◆ **Prompt**:
In the records below, find the line containing "Used 2022 RAM 1500 Warlock AWD/4WD image 18", then print it and every following line exactly, through the last, without pictures.

··········

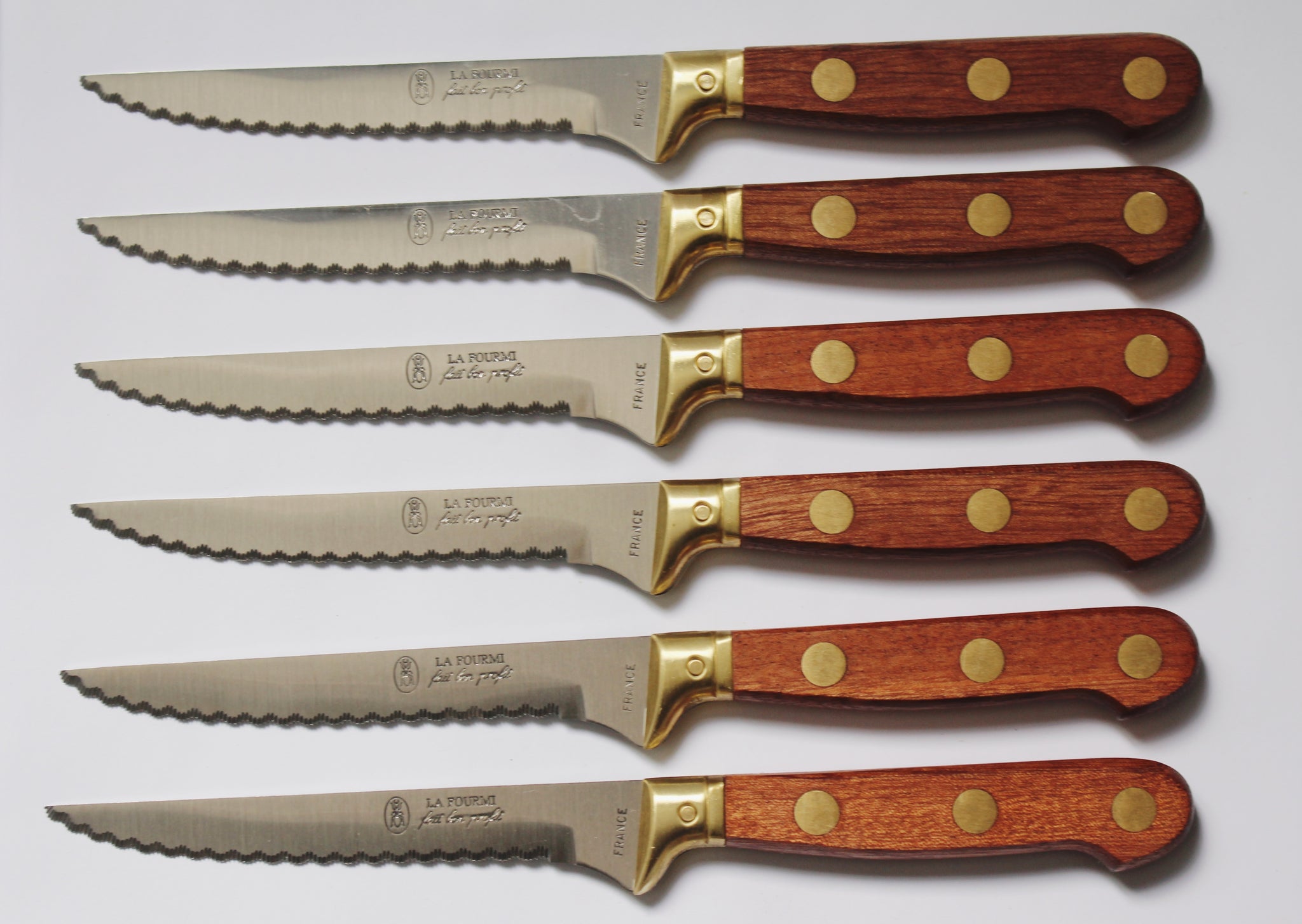 La Fourmi Laiton Steak Knives in Wooden Box with Acrylic Lid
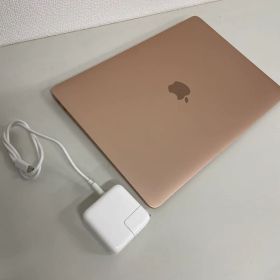 M08/04a2615☆MacBook Air 13inch (2020年)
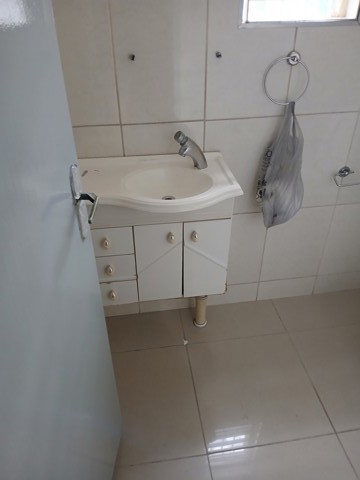 Sala para alugar em Guarulhos com 2 banheiros, 144 m2 de área total, código 300-1347 (21/22)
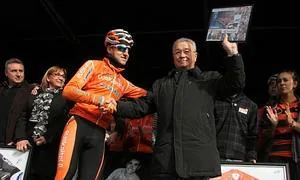 Igor Antón y Madariaga en un homenaje durante la Fiesta de la Bicicleta en Derio./ Telepress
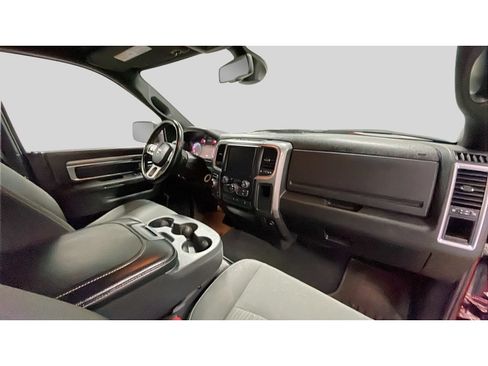 Used 2022 RAM 1500 Warlock AWD/4WD image 18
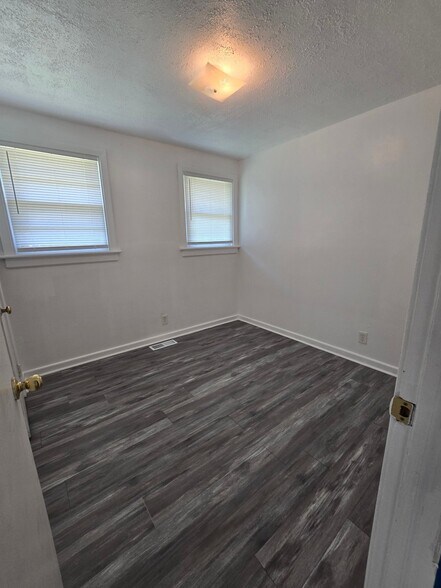 Building Photo - 2312 Reed Rd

··········

◆ **The answer**:
 Used 2022 RAM 1500 Warlock AWD/4WD image 18
 Building Photo - 2312 Reed Rd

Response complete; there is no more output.